Only the lines below between the ones containing "Men Camper Casual" and "MI license plate DKO4449", inclusive, are to be reproduced, each exactly as it stands.

Stored records:
□ □ □ □ □
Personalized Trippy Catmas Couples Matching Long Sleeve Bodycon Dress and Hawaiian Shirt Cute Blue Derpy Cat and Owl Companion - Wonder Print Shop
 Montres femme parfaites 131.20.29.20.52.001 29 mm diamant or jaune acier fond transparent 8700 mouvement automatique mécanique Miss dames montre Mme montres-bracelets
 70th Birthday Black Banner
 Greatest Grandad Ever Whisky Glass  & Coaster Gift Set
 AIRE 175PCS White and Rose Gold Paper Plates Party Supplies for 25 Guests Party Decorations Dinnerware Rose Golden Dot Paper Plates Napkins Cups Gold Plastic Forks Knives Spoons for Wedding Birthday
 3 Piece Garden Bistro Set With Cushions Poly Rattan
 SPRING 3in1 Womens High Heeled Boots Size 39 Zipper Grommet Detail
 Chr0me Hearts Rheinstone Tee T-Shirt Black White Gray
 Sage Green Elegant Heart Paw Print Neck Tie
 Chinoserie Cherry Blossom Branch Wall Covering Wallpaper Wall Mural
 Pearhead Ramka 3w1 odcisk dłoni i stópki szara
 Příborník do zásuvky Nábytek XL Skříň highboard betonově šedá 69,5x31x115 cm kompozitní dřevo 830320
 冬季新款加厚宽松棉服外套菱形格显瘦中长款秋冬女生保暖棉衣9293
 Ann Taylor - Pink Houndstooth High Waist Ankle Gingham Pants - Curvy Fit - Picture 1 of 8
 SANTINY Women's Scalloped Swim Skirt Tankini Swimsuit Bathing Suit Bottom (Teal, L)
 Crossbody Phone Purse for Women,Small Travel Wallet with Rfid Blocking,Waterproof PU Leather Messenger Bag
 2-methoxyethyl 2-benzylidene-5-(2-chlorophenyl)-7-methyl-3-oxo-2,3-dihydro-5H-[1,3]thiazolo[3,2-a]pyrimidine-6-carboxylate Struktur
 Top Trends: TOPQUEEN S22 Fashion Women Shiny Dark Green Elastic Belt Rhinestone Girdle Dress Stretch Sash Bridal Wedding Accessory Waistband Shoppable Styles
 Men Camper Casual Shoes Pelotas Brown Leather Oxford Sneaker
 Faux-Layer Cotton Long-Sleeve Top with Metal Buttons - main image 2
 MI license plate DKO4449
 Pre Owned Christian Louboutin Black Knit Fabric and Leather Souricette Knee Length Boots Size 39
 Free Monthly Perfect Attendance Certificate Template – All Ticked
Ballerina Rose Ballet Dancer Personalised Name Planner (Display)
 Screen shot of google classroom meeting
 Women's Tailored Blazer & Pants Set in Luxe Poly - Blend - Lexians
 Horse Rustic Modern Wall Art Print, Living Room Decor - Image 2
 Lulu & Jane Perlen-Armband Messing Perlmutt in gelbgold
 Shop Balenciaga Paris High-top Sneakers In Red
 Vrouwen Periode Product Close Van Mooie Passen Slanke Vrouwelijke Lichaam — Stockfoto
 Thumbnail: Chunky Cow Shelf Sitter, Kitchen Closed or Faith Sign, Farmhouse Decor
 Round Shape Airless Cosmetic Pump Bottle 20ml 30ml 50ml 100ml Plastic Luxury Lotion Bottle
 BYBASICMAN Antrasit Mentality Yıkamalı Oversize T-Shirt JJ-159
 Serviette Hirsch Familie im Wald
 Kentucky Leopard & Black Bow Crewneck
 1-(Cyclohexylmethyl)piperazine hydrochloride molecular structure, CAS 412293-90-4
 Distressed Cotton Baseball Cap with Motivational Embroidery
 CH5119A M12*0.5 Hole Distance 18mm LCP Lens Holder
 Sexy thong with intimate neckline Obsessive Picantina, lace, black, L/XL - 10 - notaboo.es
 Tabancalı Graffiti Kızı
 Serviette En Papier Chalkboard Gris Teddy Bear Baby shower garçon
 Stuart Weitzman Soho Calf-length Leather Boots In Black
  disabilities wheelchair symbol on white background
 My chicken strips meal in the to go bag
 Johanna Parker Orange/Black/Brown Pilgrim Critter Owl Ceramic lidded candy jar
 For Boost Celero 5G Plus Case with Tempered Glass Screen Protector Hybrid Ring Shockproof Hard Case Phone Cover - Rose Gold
□ □ □ □ □
Written answer.
 Men Camper Casual Shoes Pelotas Brown Leather Oxford Sneaker
 Faux-Layer Cotton Long-Sleeve Top with Metal Buttons - main image 2
 MI license plate DKO4449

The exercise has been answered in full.